Molasses Drink, Growing Blueberries, and Other Wisdom from Helen and Scott Nearing

In this installment of their column, Helen and Scott Nearing the molasses drink they used to have at breakfast and the process of growing blueberries.

| November/December 1979


Scott Nearing discusses homesteading with an interested visitor.


The following are questions readers submitted to Helen and Scott Nearing in their regular column on homesteading.  

Molasses Drink 

Q: In Living the Good Life, you mention a "molasses drink" taken for breakfast. Would you share your recipe with us?  

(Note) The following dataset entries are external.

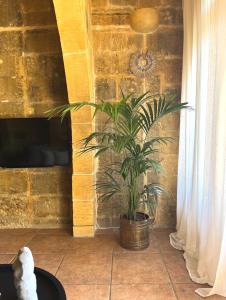 Fotografie z fotogalerie ubytování Ta Cetta Farmhouse v destinaci Qala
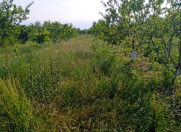 Satılır 80 sot torpaq Xaçmaz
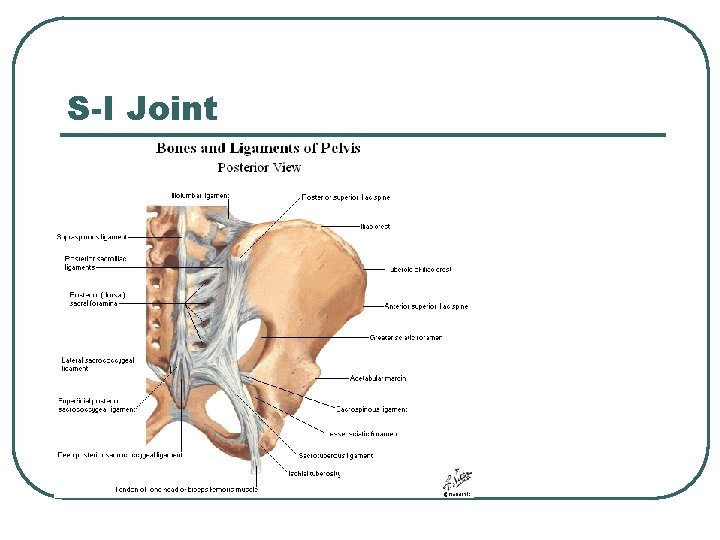S-I Joint 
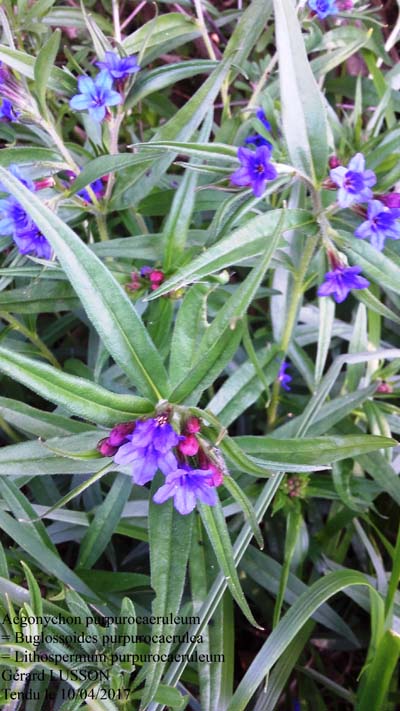 Annexe Aegonychon purpurocaeruleum.jpg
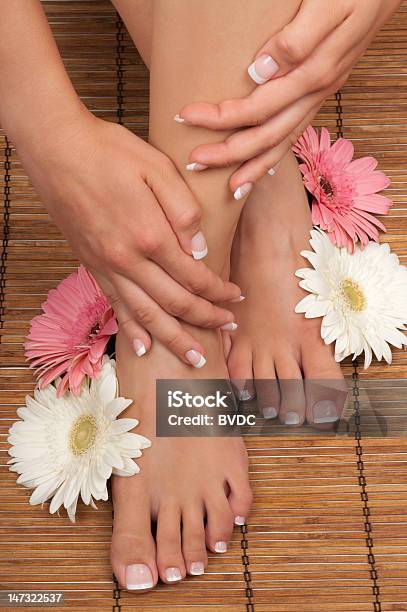 Spa Stock Photo - Download Image Now - Beauty Spa, Daisy, Flower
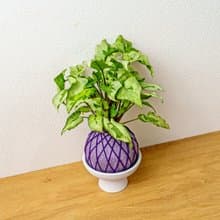 苔球植物 三王合果芋淺紫苔球加磨砂高腳缽 苔球 苔玉 禮物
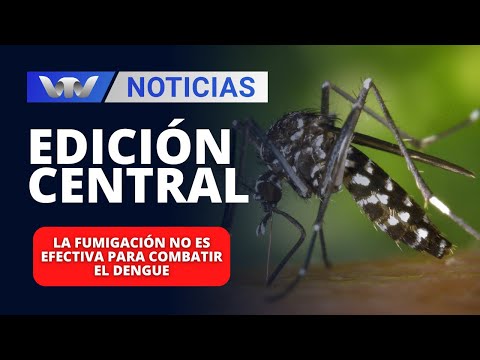 Edición Central 05/03 | La fumigación no es efectiva para combatir el dengue, dijo viróloga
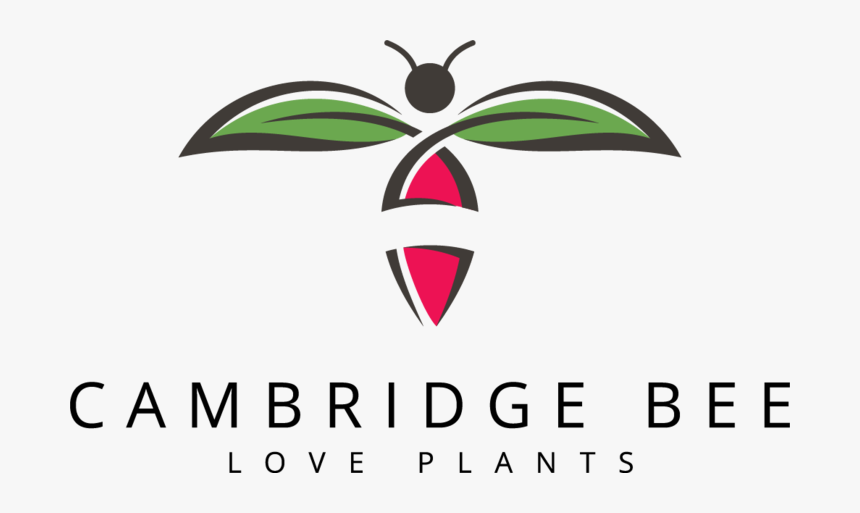 Cambridge Bee, HD Png Download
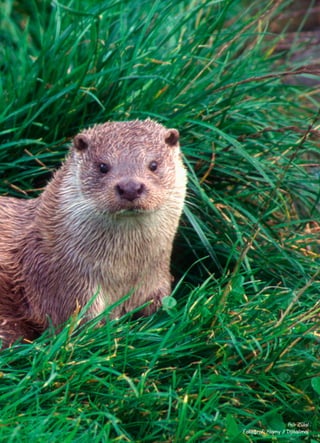 Aslı Zülal
Fotoğraf: Alamy / Dijitalimaj
 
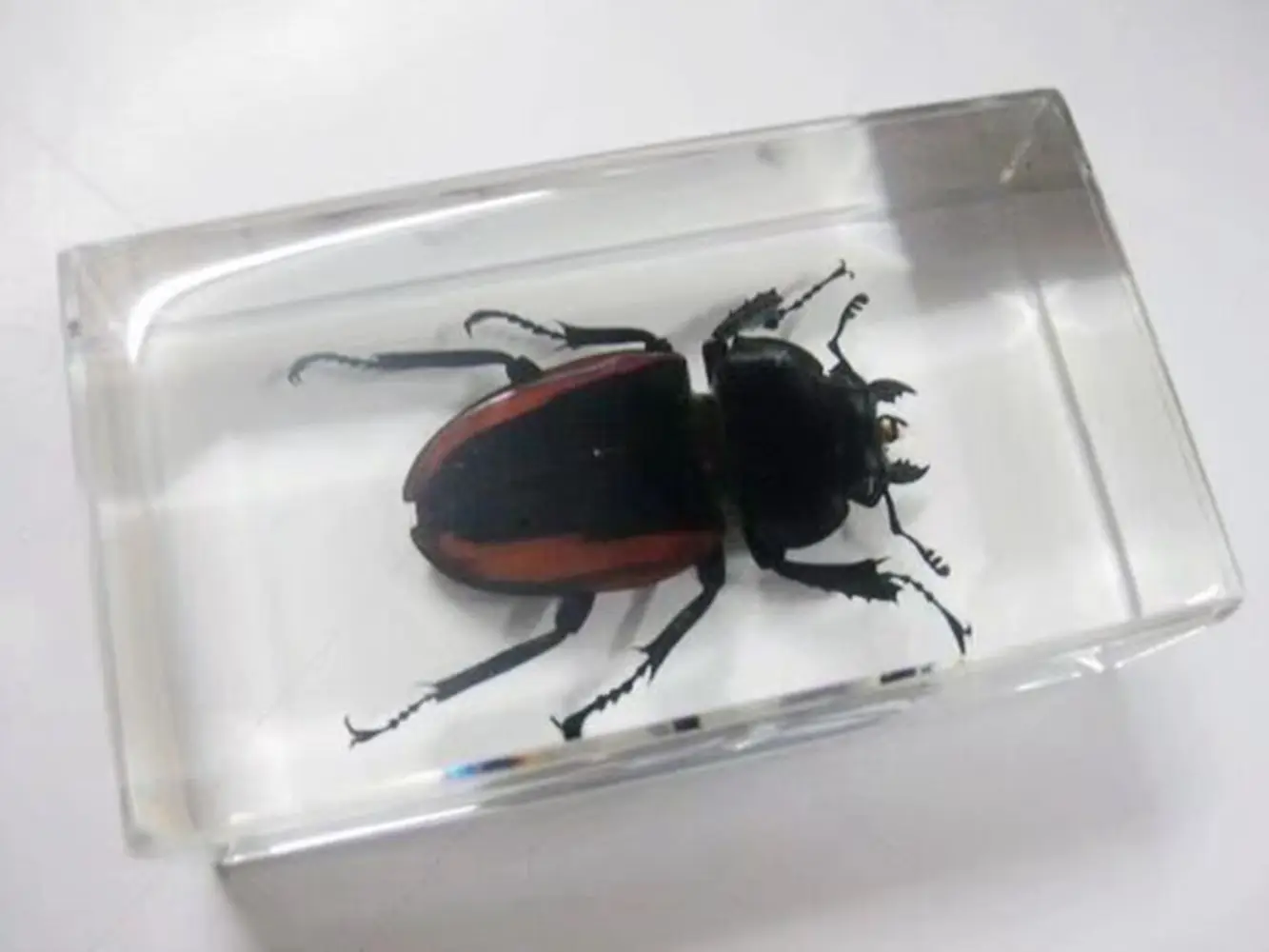 

2 шт., образец насекомых из смолы, жук ручной работы, биологический образец пресс-папье, подарок тоже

A: We change our eating habits as we experiment with what seems interesting or better. (However, we'll never turn to the flesh of any creature that walks or wiggles.) As a result of our constant experimentation, we no longer take the "molasses drink" (which was just a tablespoon of the syrup in a cup of hot water). Nowadays, we drink our own dried herbs as a morning tea ... adding a teaspoon of honey per cup. Helen has a new anti-cookbook coming out in the spring, which will have a full section on beverages.

Growing Blueberries

Q: I've been homesteading in West Virginia for over a year now and want to raise blueberries for profit. However, before I make the initial investment, I'd like to learn about the "organic" methods of growing these plants as well as ways to control—without chemicals—insects and diseases that prey on the berries. Any information you can give me would be appreciated.  

A: If you're to have success with hybrid blueberries, you must live in a region that experiences at least 30 consecutive days with freezing temperatures each year. In addition, you'll need acid soil, a well-drained plot, and a moderately rich, sandy loam (though the delicious berries can also be grown on peat land).  

Start with two-year-old plants and—for cross fertilization—have at least three or four different varieties. Since each variety will bear ripe fruit over a picking season of three or four weeks, a plantation including early, medium, and late producers will provide a total picking season of 10 or 12 weeks.